TO DO:
Give the number of lines below that contain "kitchen", with no other output.

SOURCE DATA:
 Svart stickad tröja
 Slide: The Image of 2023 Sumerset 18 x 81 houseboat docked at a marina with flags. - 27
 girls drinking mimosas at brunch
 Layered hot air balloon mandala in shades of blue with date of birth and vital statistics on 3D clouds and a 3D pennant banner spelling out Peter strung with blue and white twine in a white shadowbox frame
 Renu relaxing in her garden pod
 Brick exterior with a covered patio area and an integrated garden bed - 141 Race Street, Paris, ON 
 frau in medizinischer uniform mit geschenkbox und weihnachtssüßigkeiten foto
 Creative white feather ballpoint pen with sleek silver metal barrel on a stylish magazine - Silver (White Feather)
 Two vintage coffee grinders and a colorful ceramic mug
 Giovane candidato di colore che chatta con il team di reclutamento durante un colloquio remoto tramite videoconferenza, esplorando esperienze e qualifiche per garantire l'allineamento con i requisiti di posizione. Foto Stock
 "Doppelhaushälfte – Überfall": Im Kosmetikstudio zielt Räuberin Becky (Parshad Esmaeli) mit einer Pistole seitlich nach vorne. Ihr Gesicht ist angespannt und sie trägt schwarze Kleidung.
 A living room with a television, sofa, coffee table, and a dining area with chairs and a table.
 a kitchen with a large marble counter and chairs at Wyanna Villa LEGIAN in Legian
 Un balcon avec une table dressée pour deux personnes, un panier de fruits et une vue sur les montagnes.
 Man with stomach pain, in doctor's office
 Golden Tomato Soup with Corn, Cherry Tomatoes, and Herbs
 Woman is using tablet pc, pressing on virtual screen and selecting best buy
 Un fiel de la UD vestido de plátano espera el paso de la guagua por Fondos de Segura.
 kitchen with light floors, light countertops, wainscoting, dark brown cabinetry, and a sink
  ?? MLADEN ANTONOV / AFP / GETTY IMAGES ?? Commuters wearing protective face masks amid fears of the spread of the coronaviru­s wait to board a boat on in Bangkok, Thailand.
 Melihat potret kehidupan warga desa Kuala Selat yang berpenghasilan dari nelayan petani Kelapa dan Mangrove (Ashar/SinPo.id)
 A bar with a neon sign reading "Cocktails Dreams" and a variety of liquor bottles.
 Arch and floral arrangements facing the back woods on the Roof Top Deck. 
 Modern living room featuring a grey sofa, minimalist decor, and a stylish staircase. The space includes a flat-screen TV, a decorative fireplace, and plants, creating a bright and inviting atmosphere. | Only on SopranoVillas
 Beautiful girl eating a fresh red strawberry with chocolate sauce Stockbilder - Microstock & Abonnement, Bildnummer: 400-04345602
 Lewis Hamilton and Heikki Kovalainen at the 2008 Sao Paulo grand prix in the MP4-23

ANSWER:
2